Entries provided Block Start

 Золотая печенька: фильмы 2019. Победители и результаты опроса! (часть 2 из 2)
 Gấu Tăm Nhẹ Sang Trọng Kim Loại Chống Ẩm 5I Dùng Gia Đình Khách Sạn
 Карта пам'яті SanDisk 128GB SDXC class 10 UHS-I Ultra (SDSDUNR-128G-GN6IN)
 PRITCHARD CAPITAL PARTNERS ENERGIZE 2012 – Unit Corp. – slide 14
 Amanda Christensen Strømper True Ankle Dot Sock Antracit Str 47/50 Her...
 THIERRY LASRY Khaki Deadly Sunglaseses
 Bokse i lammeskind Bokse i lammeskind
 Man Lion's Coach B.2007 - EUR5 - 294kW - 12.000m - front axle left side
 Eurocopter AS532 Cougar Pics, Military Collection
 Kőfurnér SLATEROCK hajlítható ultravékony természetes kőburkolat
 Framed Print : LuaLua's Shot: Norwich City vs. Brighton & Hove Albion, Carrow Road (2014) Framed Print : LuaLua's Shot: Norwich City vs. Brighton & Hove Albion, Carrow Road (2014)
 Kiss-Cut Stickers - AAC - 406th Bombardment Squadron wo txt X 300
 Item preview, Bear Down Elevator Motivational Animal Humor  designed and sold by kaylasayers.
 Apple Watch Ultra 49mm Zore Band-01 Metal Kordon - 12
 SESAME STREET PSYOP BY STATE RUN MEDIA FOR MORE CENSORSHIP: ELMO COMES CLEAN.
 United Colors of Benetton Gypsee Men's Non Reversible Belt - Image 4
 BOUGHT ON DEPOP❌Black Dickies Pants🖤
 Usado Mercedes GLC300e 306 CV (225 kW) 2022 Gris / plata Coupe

Entries provided Block End

→ **What is expected**
Print the records above exactly. Omit nothing.

→ **Response for this exercise**
 Золотая печенька: фильмы 2019. Победители и результаты опроса! (часть 2 из 2)
 Gấu Tăm Nhẹ Sang Trọng Kim Loại Chống Ẩm 5I Dùng Gia Đình Khách Sạn
 Карта пам'яті SanDisk 128GB SDXC class 10 UHS-I Ultra (SDSDUNR-128G-GN6IN)
 PRITCHARD CAPITAL PARTNERS ENERGIZE 2012 – Unit Corp. – slide 14
 Amanda Christensen Strømper True Ankle Dot Sock Antracit Str 47/50 Her...
 THIERRY LASRY Khaki Deadly Sunglaseses
 Bokse i lammeskind Bokse i lammeskind
 Man Lion's Coach B.2007 - EUR5 - 294kW - 12.000m - front axle left side
 Eurocopter AS532 Cougar Pics, Military Collection
 Kőfurnér SLATEROCK hajlítható ultravékony természetes kőburkolat
 Framed Print : LuaLua's Shot: Norwich City vs. Brighton & Hove Albion, Carrow Road (2014) Framed Print : LuaLua's Shot: Norwich City vs. Brighton & Hove Albion, Carrow Road (2014)
 Kiss-Cut Stickers - AAC - 406th Bombardment Squadron wo txt X 300
 Item preview, Bear Down Elevator Motivational Animal Humor  designed and sold by kaylasayers.
 Apple Watch Ultra 49mm Zore Band-01 Metal Kordon - 12
 SESAME STREET PSYOP BY STATE RUN MEDIA FOR MORE CENSORSHIP: ELMO COMES CLEAN.
 United Colors of Benetton Gypsee Men's Non Reversible Belt - Image 4
 BOUGHT ON DEPOP❌Black Dickies Pants🖤
 Usado Mercedes GLC300e 306 CV (225 kW) 2022 Gris / plata Coupe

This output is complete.